Wildland fires pose a terrifying natural hazard, underscoring the urgent need to develop data-driven and physics-informed digital twins for wildfire prevention, monitoring, intervention, and response. In this direction of research, this work introduces a physics-informed neural network (PiNN) designed to learn the unknown parameters of an interpretable wildfire spreading model. The considered modeling approach integrates fundamental physical laws articulated by key model parameters essential for capturing the complex behavior of wildfires. The proposed machine learning framework leverages the theory of artificial neural networks with the physical constraints governing wildfire dynamics, including the first principles of mass and energy conservation. Training of the PiNN for physics-informed parameter identification is realized using synthetic data on the spatiotemporal evolution of one- and two-dimensional firefronts, derived from a high-fidelity simulator, as well as empirical data (ground surface thermal images) from the Troy Fire that occurred on June 19, 2002, in California. The parameter learning results demonstrate the predictive ability of the proposed PiNN in uncovering the unknown coefficients of the wildfire model in one- and two-dimensional fire spreading scenarios as well as the Troy Fire. Additionally, this methodology exhibits robustness by identifying the same parameters even in the presence of noisy data.

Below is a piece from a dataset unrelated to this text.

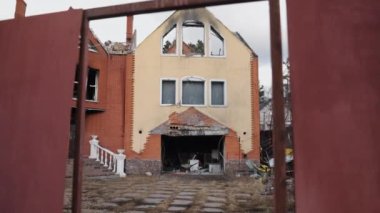 Sivil bina, yanmış evler, felaket mahalli. Bombalama sonucu Ukrayna 'daki binanın yıkılması, enkaz, toz ve hasarlı evler savaştan zarar gören binalar geride bırakıldı..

By integrating this PiNN approach into a comprehensive framework, the envisioned physics-informed digital twin will enhance intelligent wildfire management and risk assessment, providing a powerful tool for proactive and reactive strategies.

Figures (14)

• Figure 1: Architecture of the proposed PiNN for learning the parameters of the wildfire spreading model. The ANN on the left represents the physics-uninformed (data-driven) surrogate predictor, while the right network illustrates the physics-informed (data-uninformed though) residual, initial and boundary conditions of the wildfire model, and the data-informed cost function (data fitting) that penalizes deviation of the surrogate model predictions from the synthetic data.
• Figure 2: Parameter learning and convergence in the 1D firefront of the wildfire spreading model. The predicted vector of the three model parameters is $\hat{\bm{\theta}} = \left[0.408\,\, 0.25\,\, 0.61\right]^\mathsf{T}$, while the true vector used for generating the training dataset is $\bm{\theta}^{*} = \left[0.41\,\, 0.25\,\, 0.61\right]^\mathsf{T}$.
• Figure 3: 1D spatiotemporal firefront for the three state variables: $T, E, X$. The left column presents the explicit solution of the physics-based wildfire spreading model, while the right column displays the prediction of PINNs. Both cases are provided in a dimensionless form.
• Figure 4: Comparison of the temperature distribution between the explicit solution and the prediction of PiNNs at two specific non-dimensional time instants: $t = 0.5$ and $t =1$, for all nodes across the spatial firefront.
• Figure 5: Representation of the training dataset distributions across the temperature profile in both space and time for Case 1 (optimal), 1A, 1B, and 1C. Dot symbols represent the sampling data points used for training in each case.